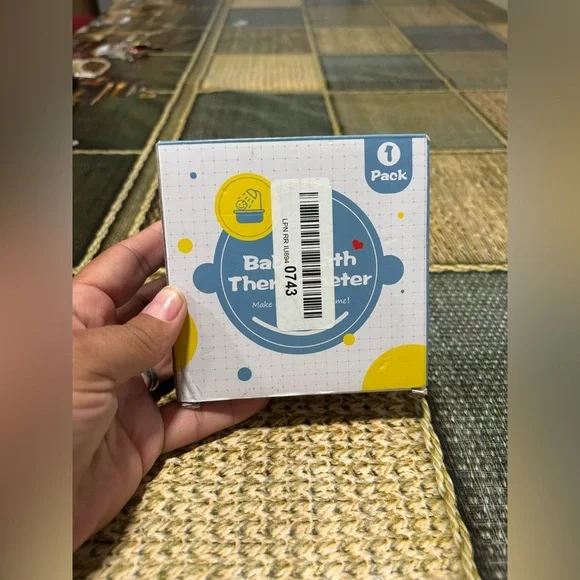 Baby Bath Thermometer - Blue and Yellow - Picture 5 of 8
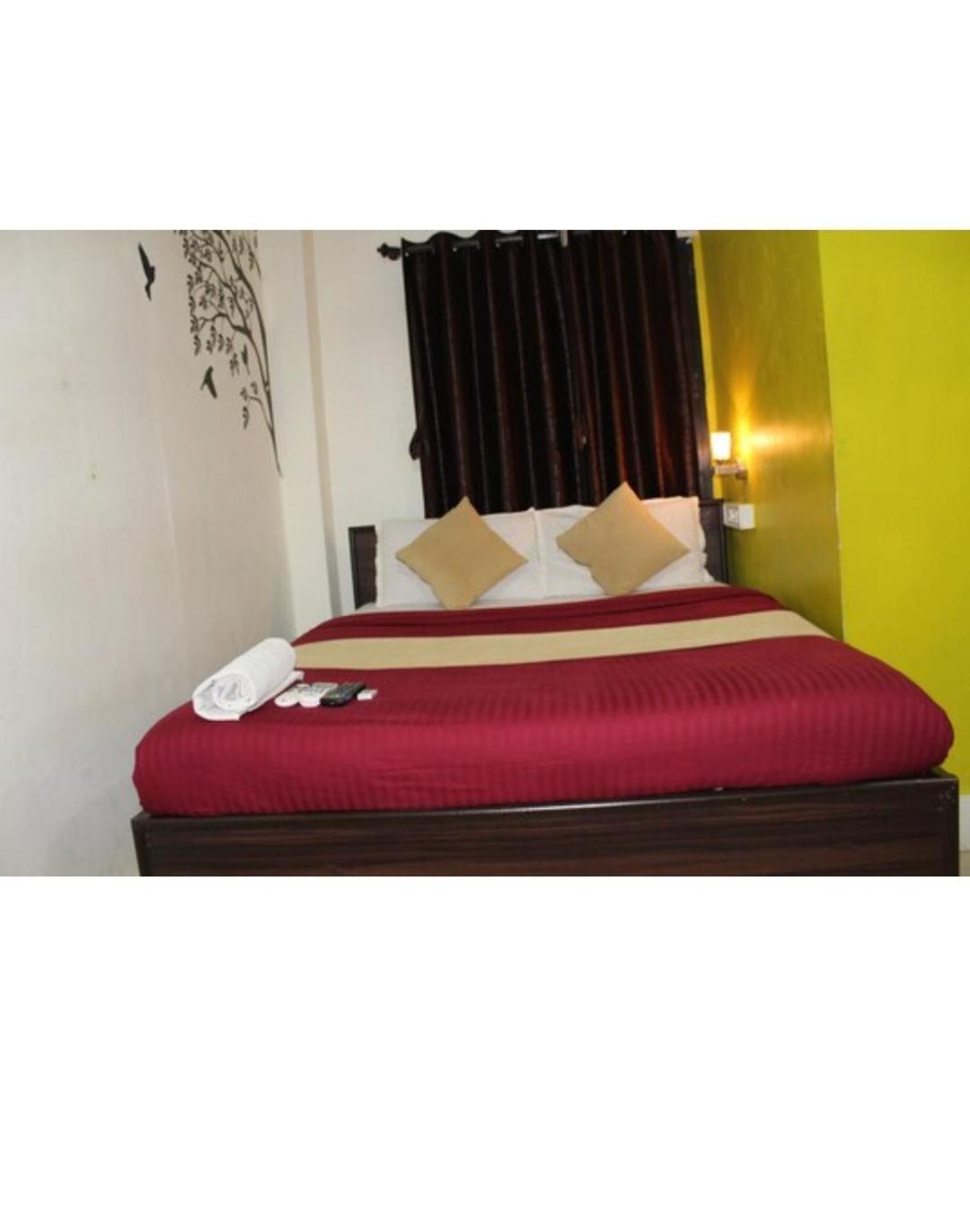 Hotel Saffron Inn Bombaim Exterior foto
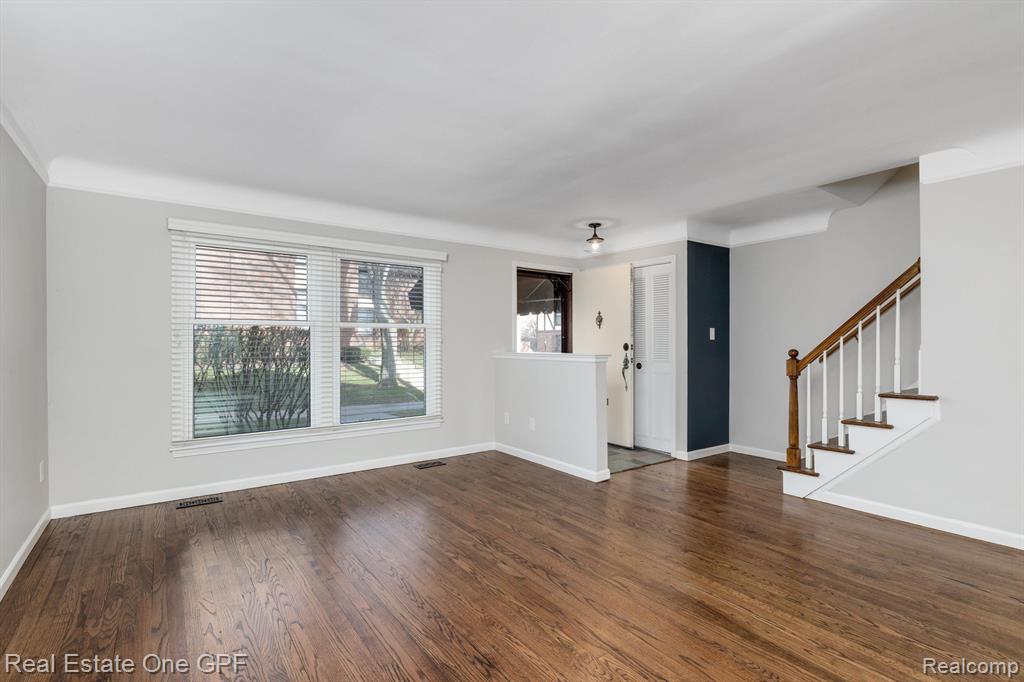 1708 Vernier Road Grosse Pointe Woods, MI 48236 - Photo 7 of 43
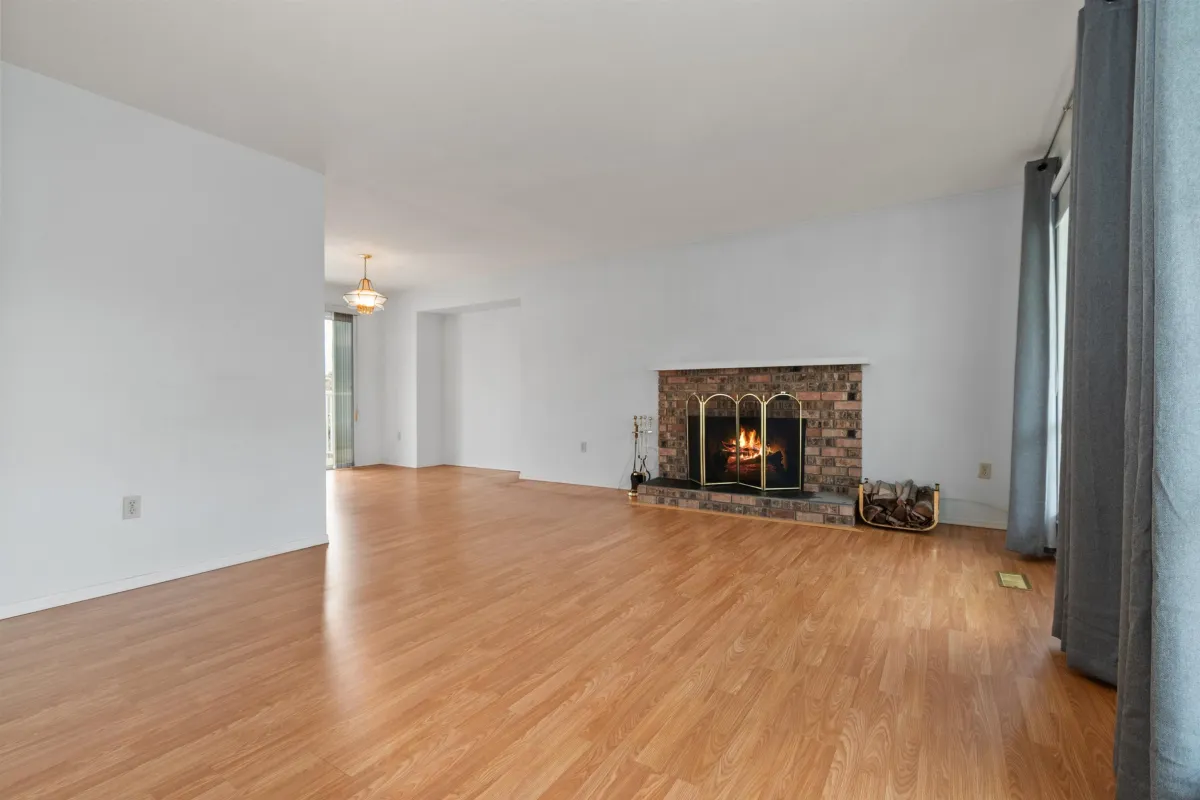 Family Room Photo of 3340 Clearbrook Road, Abbotsford, BC
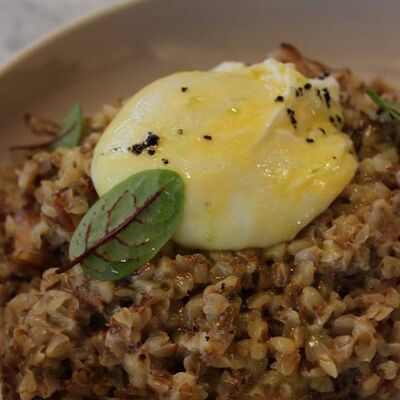 Сливочная греча с жареным беконом в Raison D’être по цене 390 ₽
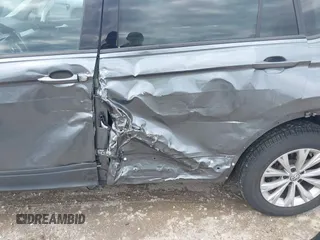 2020 Volkswagen Tiguan S z VIN 3VV1B7AX3LM103449, wystawiony jako IAAI lot #42044171 z przebiegiem 45 195 mil mil oraz . Historia ofert i sprzedaży dostępna na DreamBid. Obrazek 6.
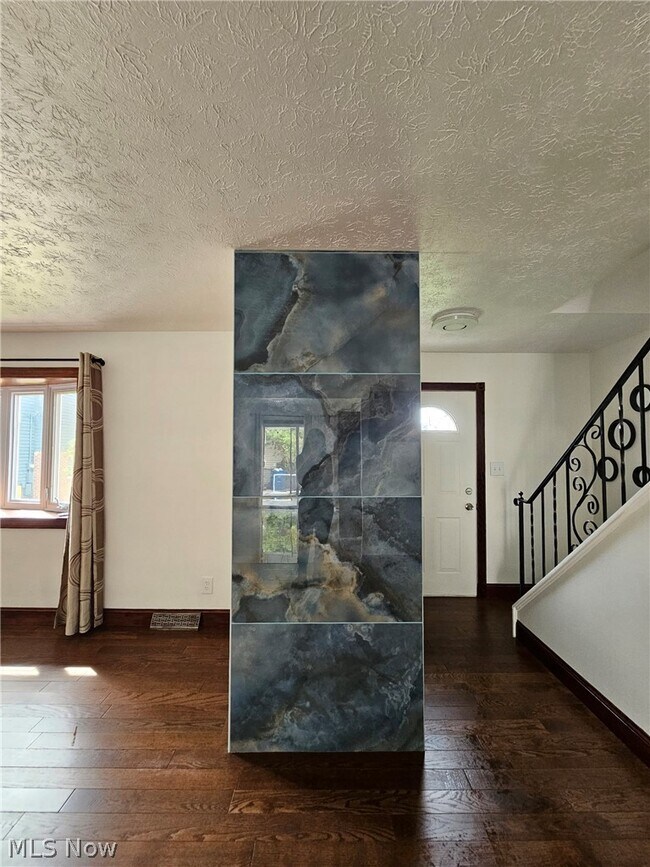 Foto del edificio - 33158 Lakeshore Blvd
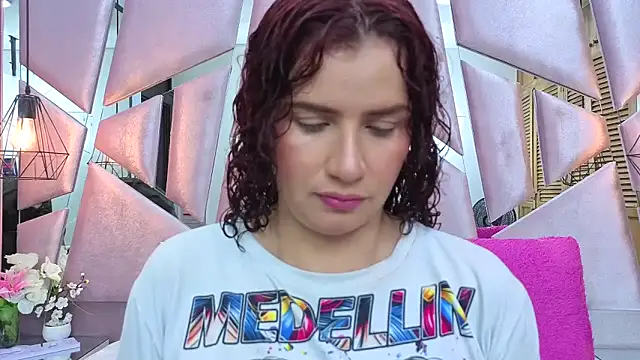 ThaliaCross online show from January 2026 07:50:01 PM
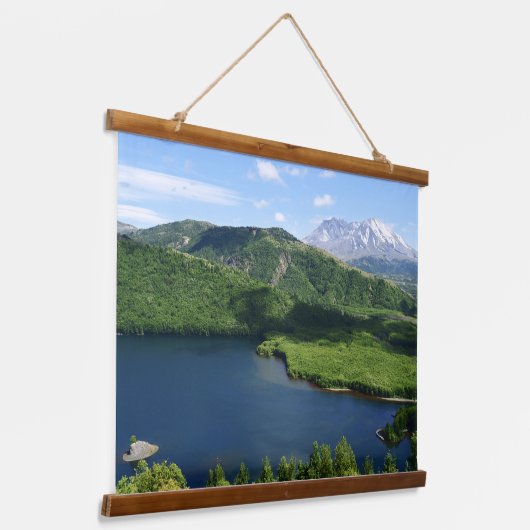 Mount St Helens Coldwater Lake Scenic Landscape 吊り下げ型タペストリー (傾斜あり)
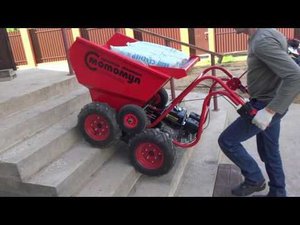 МОТОМУЛ поднимает груз по ступенькам (мини думпер, мини самосвал МОТОМУЛ)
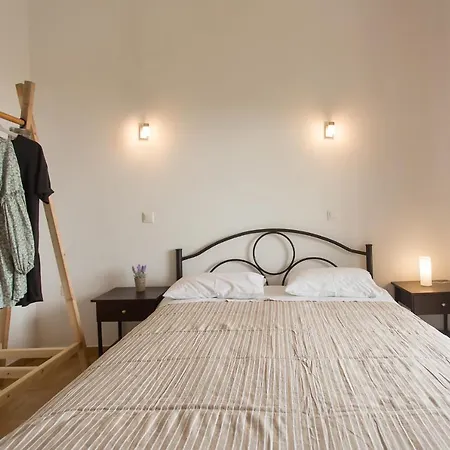Aperanto Seaview Apartments * Mesongi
# # # # #
Quote, without alteration, the lines running from the line containing "Hotel Saffron Inn Bombaim Exterior foto" to the last line of the entries, and include no pictures.

> **Result of this exercise**
 Hotel Saffron Inn Bombaim Exterior foto
 1708 Vernier Road Grosse Pointe Woods, MI 48236 - Photo 7 of 43
 Family Room Photo of 3340 Clearbrook Road, Abbotsford, BC
 Сливочная греча с жареным беконом в Raison D’être по цене 390 ₽
 2020 Volkswagen Tiguan S z VIN 3VV1B7AX3LM103449, wystawiony jako IAAI lot #42044171 z przebiegiem 45 195 mil mil oraz . Historia ofert i sprzedaży dostępna na DreamBid. Obrazek 6.
 Foto del edificio - 33158 Lakeshore Blvd
 ThaliaCross online show from January 2026 07:50:01 PM
 Mount St Helens Coldwater Lake Scenic Landscape 吊り下げ型タペストリー (傾斜あり)
 МОТОМУЛ поднимает груз по ступенькам (мини думпер, мини самосвал МОТОМУЛ)
Aperanto Seaview Apartments * Mesongi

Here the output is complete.